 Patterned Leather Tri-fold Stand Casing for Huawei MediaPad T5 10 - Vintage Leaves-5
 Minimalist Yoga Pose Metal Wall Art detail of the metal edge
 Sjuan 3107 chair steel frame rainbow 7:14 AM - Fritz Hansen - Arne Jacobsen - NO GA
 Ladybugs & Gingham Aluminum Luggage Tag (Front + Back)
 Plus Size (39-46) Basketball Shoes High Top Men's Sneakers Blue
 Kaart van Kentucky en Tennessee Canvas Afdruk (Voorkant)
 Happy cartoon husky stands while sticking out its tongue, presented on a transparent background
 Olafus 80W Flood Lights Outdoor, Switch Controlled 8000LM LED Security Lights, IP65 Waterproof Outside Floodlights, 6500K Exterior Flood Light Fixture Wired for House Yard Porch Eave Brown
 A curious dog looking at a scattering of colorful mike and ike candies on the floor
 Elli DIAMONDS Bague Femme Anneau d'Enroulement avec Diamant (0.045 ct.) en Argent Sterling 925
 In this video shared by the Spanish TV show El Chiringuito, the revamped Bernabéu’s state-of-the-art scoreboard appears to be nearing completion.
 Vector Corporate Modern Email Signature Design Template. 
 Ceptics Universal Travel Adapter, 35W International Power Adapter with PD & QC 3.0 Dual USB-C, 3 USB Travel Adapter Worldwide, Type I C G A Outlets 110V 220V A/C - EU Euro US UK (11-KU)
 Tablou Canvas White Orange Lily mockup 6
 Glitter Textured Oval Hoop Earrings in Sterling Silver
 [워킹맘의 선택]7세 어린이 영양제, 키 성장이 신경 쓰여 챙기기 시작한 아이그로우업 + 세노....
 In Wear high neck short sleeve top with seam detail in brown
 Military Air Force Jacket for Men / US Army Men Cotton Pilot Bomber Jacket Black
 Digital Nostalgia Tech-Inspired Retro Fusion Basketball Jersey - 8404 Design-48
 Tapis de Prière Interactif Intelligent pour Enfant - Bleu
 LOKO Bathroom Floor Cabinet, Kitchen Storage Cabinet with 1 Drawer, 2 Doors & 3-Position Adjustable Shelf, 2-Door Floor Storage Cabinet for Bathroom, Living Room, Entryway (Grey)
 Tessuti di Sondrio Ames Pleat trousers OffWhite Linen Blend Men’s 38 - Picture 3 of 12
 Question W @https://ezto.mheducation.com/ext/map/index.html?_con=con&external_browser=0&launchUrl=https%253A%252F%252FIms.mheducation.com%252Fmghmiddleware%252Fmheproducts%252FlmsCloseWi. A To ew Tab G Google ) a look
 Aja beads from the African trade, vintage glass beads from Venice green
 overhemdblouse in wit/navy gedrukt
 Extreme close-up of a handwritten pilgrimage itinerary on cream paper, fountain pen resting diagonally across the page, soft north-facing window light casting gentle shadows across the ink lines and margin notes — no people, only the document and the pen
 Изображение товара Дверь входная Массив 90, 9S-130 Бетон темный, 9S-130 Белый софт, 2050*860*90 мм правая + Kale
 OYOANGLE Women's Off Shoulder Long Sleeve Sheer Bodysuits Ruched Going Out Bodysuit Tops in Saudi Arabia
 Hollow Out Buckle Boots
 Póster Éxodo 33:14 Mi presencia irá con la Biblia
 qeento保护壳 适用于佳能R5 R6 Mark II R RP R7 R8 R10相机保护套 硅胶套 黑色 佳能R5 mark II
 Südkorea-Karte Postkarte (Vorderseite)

_ _ _ _

About this task: Each line of the records should be repeated exactly as it stands.

Task response:
 Patterned Leather Tri-fold Stand Casing for Huawei MediaPad T5 10 - Vintage Leaves-5
 Minimalist Yoga Pose Metal Wall Art detail of the metal edge
 Sjuan 3107 chair steel frame rainbow 7:14 AM - Fritz Hansen - Arne Jacobsen - NO GA
 Ladybugs & Gingham Aluminum Luggage Tag (Front + Back)
 Plus Size (39-46) Basketball Shoes High Top Men's Sneakers Blue
 Kaart van Kentucky en Tennessee Canvas Afdruk (Voorkant)
 Happy cartoon husky stands while sticking out its tongue, presented on a transparent background
 Olafus 80W Flood Lights Outdoor, Switch Controlled 8000LM LED Security Lights, IP65 Waterproof Outside Floodlights, 6500K Exterior Flood Light Fixture Wired for House Yard Porch Eave Brown
 A curious dog looking at a scattering of colorful mike and ike candies on the floor
 Elli DIAMONDS Bague Femme Anneau d'Enroulement avec Diamant (0.045 ct.) en Argent Sterling 925
 In this video shared by the Spanish TV show El Chiringuito, the revamped Bernabéu’s state-of-the-art scoreboard appears to be nearing completion.
 Vector Corporate Modern Email Signature Design Template. 
 Ceptics Universal Travel Adapter, 35W International Power Adapter with PD & QC 3.0 Dual USB-C, 3 USB Travel Adapter Worldwide, Type I C G A Outlets 110V 220V A/C - EU Euro US UK (11-KU)
 Tablou Canvas White Orange Lily mockup 6
 Glitter Textured Oval Hoop Earrings in Sterling Silver
 [워킹맘의 선택]7세 어린이 영양제, 키 성장이 신경 쓰여 챙기기 시작한 아이그로우업 + 세노....
 In Wear high neck short sleeve top with seam detail in brown
 Military Air Force Jacket for Men / US Army Men Cotton Pilot Bomber Jacket Black
 Digital Nostalgia Tech-Inspired Retro Fusion Basketball Jersey - 8404 Design-48
 Tapis de Prière Interactif Intelligent pour Enfant - Bleu
 LOKO Bathroom Floor Cabinet, Kitchen Storage Cabinet with 1 Drawer, 2 Doors & 3-Position Adjustable Shelf, 2-Door Floor Storage Cabinet for Bathroom, Living Room, Entryway (Grey)
 Tessuti di Sondrio Ames Pleat trousers OffWhite Linen Blend Men’s 38 - Picture 3 of 12
 Question W @https://ezto.mheducation.com/ext/map/index.html?_con=con&external_browser=0&launchUrl=https%253A%252F%252FIms.mheducation.com%252Fmghmiddleware%252Fmheproducts%252FlmsCloseWi. A To ew Tab G Google ) a look
 Aja beads from the African trade, vintage glass beads from Venice green
 overhemdblouse in wit/navy gedrukt
 Extreme close-up of a handwritten pilgrimage itinerary on cream paper, fountain pen resting diagonally across the page, soft north-facing window light casting gentle shadows across the ink lines and margin notes — no people, only the document and the pen
 Изображение товара Дверь входная Массив 90, 9S-130 Бетон темный, 9S-130 Белый софт, 2050*860*90 мм правая + Kale
 OYOANGLE Women's Off Shoulder Long Sleeve Sheer Bodysuits Ruched Going Out Bodysuit Tops in Saudi Arabia
 Hollow Out Buckle Boots
 Póster Éxodo 33:14 Mi presencia irá con la Biblia
 qeento保护壳 适用于佳能R5 R6 Mark II R RP R7 R8 R10相机保护套 硅胶套 黑色 佳能R5 mark II
 Südkorea-Karte Postkarte (Vorderseite)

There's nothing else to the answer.